Last year, almost 96 000 tonnes of post-consumer PET bottles were collected, ‘which would otherwise have occupied 594 000 cubic metres of landfill space and produced 144 000 tonnes of carbon emissions, says PETCO.

Apart from these environmental benefits, PET recycling generated 66 000 paid jobs among informal collectors and small businesses, with EUR 60 million injected into the downstream economy via the manufacturing, distribution and sale of products made from rPET, it is stressed.

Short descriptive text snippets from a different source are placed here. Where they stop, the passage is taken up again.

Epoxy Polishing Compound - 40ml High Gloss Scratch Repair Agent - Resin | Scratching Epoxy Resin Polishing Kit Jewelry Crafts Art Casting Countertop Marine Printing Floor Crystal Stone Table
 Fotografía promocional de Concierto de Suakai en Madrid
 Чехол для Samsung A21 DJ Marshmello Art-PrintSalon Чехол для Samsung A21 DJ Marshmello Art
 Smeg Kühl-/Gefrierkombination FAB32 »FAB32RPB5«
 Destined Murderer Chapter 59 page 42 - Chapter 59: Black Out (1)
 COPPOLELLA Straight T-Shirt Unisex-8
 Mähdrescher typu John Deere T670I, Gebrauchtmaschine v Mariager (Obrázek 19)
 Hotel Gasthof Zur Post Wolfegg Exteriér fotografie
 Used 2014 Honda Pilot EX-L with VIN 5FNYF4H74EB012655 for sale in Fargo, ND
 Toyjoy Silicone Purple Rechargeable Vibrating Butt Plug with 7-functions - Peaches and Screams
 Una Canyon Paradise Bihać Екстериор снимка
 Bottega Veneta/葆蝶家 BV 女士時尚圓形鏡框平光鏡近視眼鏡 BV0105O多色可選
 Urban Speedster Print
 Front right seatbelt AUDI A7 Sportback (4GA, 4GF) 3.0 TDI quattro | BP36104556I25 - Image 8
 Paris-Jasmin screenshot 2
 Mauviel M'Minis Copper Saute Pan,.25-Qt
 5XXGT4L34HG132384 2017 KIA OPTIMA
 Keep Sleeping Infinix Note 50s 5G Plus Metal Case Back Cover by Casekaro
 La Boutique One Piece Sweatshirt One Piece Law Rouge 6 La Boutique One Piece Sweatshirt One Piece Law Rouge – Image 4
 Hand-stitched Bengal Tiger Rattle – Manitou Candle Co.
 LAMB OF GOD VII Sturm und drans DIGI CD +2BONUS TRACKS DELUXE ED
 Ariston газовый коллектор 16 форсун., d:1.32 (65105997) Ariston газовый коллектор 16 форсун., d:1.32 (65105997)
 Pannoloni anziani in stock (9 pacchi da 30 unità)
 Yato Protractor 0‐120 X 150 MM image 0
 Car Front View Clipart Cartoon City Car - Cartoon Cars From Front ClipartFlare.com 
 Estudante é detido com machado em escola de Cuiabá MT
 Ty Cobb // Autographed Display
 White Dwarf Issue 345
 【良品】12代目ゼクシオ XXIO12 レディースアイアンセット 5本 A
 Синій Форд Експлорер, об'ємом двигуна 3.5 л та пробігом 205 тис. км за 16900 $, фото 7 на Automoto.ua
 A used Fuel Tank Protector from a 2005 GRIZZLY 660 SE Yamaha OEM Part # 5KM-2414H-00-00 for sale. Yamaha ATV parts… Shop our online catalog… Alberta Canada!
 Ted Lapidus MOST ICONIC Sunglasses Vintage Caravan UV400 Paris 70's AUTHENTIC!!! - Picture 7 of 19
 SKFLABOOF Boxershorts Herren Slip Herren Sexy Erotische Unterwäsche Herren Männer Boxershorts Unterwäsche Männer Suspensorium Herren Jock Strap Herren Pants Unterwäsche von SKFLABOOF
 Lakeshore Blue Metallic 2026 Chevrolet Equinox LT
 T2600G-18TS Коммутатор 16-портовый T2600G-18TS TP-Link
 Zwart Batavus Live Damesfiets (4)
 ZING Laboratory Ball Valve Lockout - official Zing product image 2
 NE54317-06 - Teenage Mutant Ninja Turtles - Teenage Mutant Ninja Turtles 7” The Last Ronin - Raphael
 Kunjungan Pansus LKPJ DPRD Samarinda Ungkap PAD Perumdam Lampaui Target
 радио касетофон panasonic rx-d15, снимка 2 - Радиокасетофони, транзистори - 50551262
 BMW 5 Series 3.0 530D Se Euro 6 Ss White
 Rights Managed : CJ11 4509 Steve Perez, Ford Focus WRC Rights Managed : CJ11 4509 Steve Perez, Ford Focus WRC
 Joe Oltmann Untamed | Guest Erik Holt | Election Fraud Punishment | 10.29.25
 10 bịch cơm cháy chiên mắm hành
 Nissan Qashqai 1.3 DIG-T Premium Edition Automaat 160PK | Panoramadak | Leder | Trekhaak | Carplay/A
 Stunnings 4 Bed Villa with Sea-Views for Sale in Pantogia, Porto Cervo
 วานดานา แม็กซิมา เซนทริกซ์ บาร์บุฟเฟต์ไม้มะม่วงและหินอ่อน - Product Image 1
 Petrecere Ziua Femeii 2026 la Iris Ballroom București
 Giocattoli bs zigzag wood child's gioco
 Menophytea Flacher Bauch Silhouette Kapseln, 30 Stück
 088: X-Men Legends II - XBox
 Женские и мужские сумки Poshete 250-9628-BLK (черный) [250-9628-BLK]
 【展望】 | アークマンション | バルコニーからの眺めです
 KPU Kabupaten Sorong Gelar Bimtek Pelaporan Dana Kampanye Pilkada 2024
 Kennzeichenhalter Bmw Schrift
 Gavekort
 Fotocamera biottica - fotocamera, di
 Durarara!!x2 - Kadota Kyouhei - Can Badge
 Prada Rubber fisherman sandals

While the overall 2% year-on-year decrease in volume was disappointing, it was as good as could be expected, given the significant loss of installed capacity following the closure of one of the country’s six PET recyclers, according to PETCO ceo Cheri Scholtz.  ‘The closure of Mpact Polymers has had a significant impact on our capacity to recycle, with the remaining recyclers unable to pick up the slack as they were already operating at maximum capacity in the fourth quarter.’

Finding the right balance

On a positive note, Scholtz said the tonnage of rPET sold in South Africa – close to 24 000 tonnes – was similar to 2018, reflecting both the improving output at the remaining recyclers, as well as the increasing demand for rPET. ‘This shows that consumers and brand owners are starting to take their product packaging’s ‘green credentials’ seriously,’ she argues, adding that light-weighting of bottles had also contributed to the decrease in collected tonnages of PET. ‘Light-weighting, or not using more material than is necessary, is an important environmental step but our challenge is to encourage right-weighting, which is about finding the balance within the circular economy.’